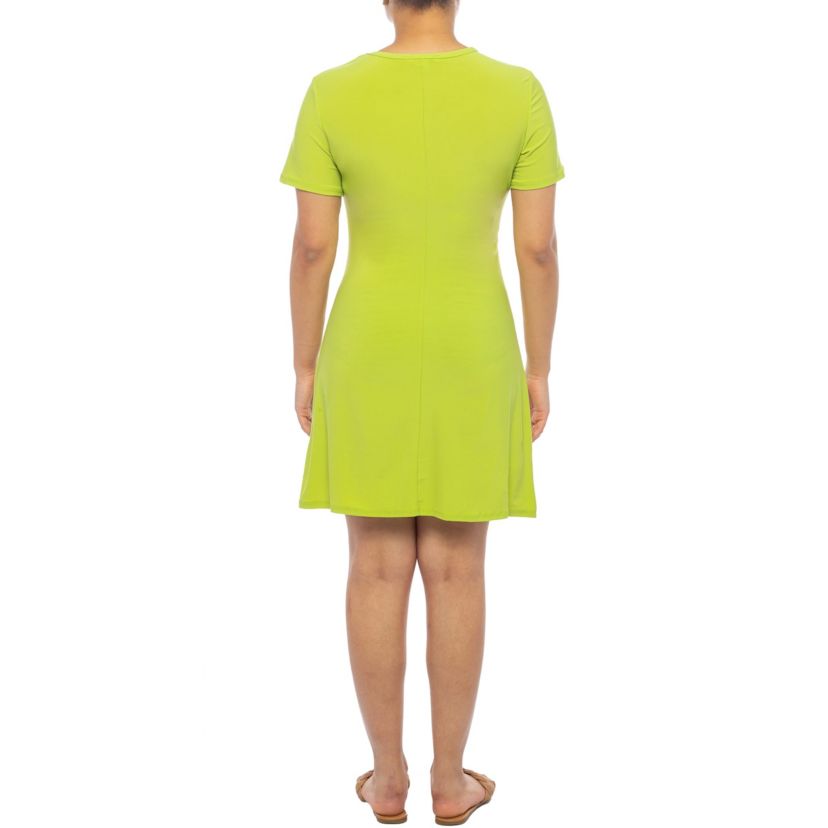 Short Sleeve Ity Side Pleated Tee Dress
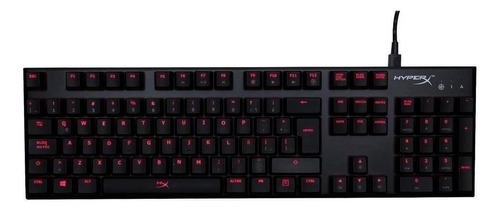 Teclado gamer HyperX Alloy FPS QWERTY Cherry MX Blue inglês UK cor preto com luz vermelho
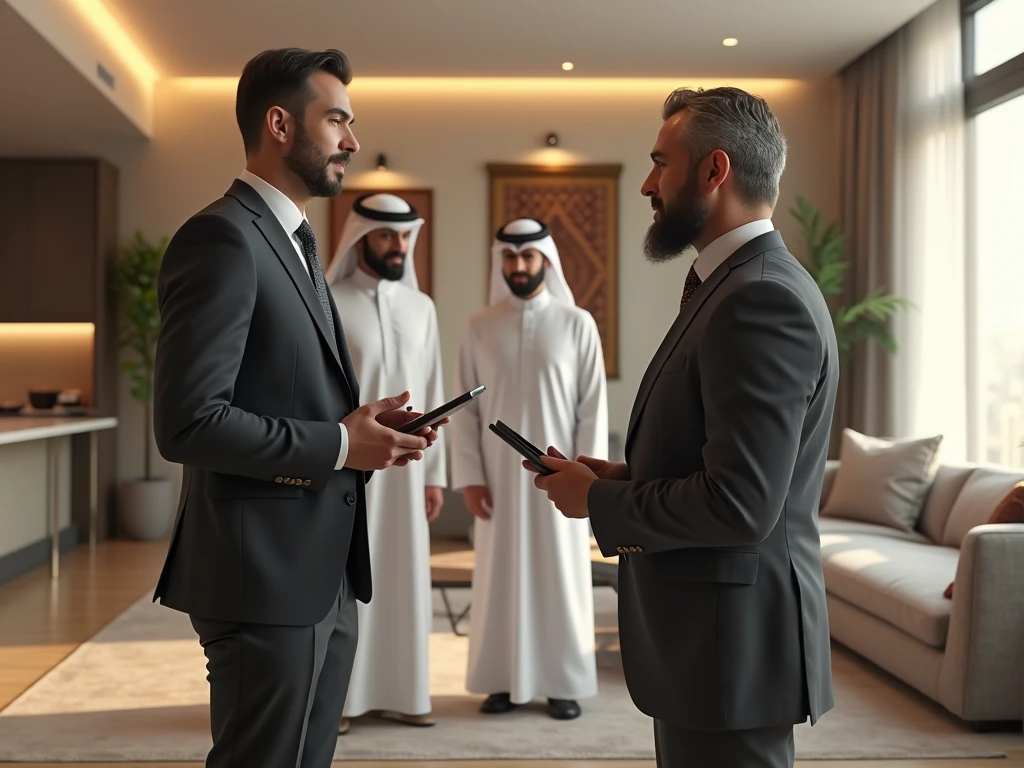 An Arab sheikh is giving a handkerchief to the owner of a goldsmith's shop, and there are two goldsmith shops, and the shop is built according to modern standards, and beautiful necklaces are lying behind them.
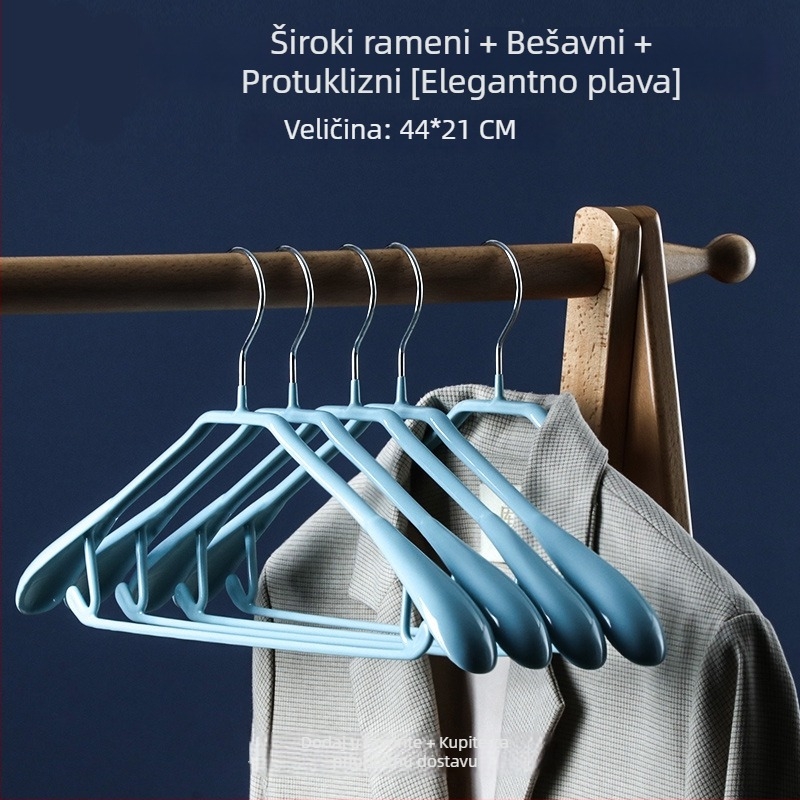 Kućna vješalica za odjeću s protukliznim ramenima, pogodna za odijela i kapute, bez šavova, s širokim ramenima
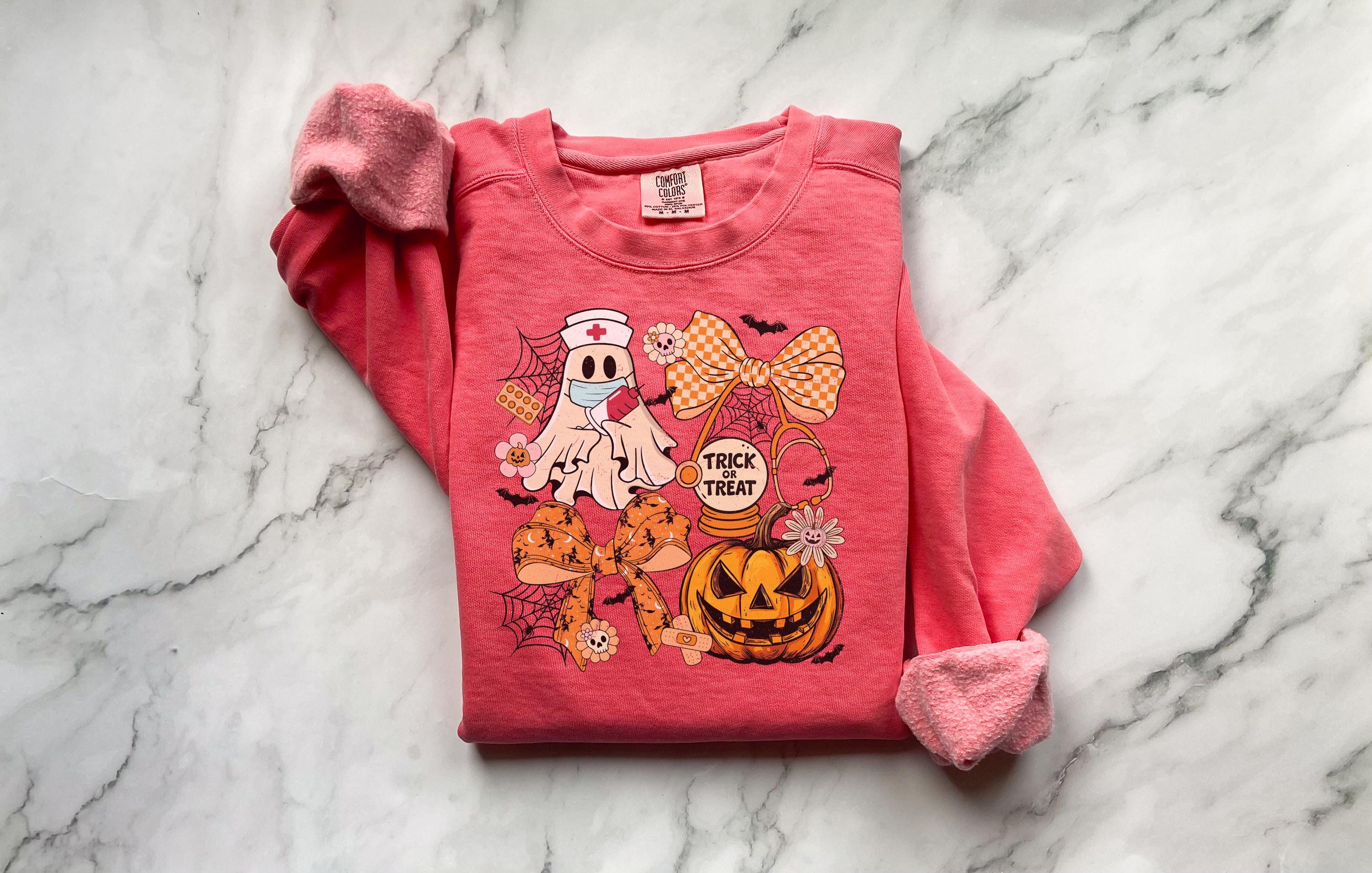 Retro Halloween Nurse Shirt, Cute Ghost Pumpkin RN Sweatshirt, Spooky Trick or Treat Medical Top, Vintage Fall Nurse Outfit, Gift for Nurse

########

■ Instructions to follow
Pictures are not part of the copy. Restate everything else in the listing word for word.

■ Task result
 Short Sleeve Ity Side Pleated Tee Dress
 Teclado gamer HyperX Alloy FPS QWERTY Cherry MX Blue inglês UK cor preto com luz vermelho
 An Arab sheikh is giving a handkerchief to the owner of a goldsmith's shop, and there are two goldsmith shops, and the shop is built according to modern standards, and beautiful necklaces are lying behind them.
 Kućna vješalica za odjeću s protukliznim ramenima, pogodna za odijela i kapute, bez šavova, s širokim ramenima
 Retro Halloween Nurse Shirt, Cute Ghost Pumpkin RN Sweatshirt, Spooky Trick or Treat Medical Top, Vintage Fall Nurse Outfit, Gift for Nurse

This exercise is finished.